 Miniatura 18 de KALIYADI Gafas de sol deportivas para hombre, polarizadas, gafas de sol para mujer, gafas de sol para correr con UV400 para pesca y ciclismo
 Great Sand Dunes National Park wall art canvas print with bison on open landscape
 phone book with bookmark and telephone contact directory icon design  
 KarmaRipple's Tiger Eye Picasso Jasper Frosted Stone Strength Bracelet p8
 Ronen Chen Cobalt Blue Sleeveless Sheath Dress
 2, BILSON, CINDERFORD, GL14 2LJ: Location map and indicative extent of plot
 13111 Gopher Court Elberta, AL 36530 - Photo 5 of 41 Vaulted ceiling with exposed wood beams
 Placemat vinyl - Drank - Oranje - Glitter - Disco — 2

• **WHAT IS EXPECTED**:
Please repeat the data in full so that nothing differs from the original.

• **WRITTEN RESPONSE**:
 Miniatura 18 de KALIYADI Gafas de sol deportivas para hombre, polarizadas, gafas de sol para mujer, gafas de sol para correr con UV400 para pesca y ciclismo
 Great Sand Dunes National Park wall art canvas print with bison on open landscape
 phone book with bookmark and telephone contact directory icon design  
 KarmaRipple's Tiger Eye Picasso Jasper Frosted Stone Strength Bracelet p8
 Ronen Chen Cobalt Blue Sleeveless Sheath Dress
 2, BILSON, CINDERFORD, GL14 2LJ: Location map and indicative extent of plot
 13111 Gopher Court Elberta, AL 36530 - Photo 5 of 41 Vaulted ceiling with exposed wood beams
 Placemat vinyl - Drank - Oranje - Glitter - Disco — 2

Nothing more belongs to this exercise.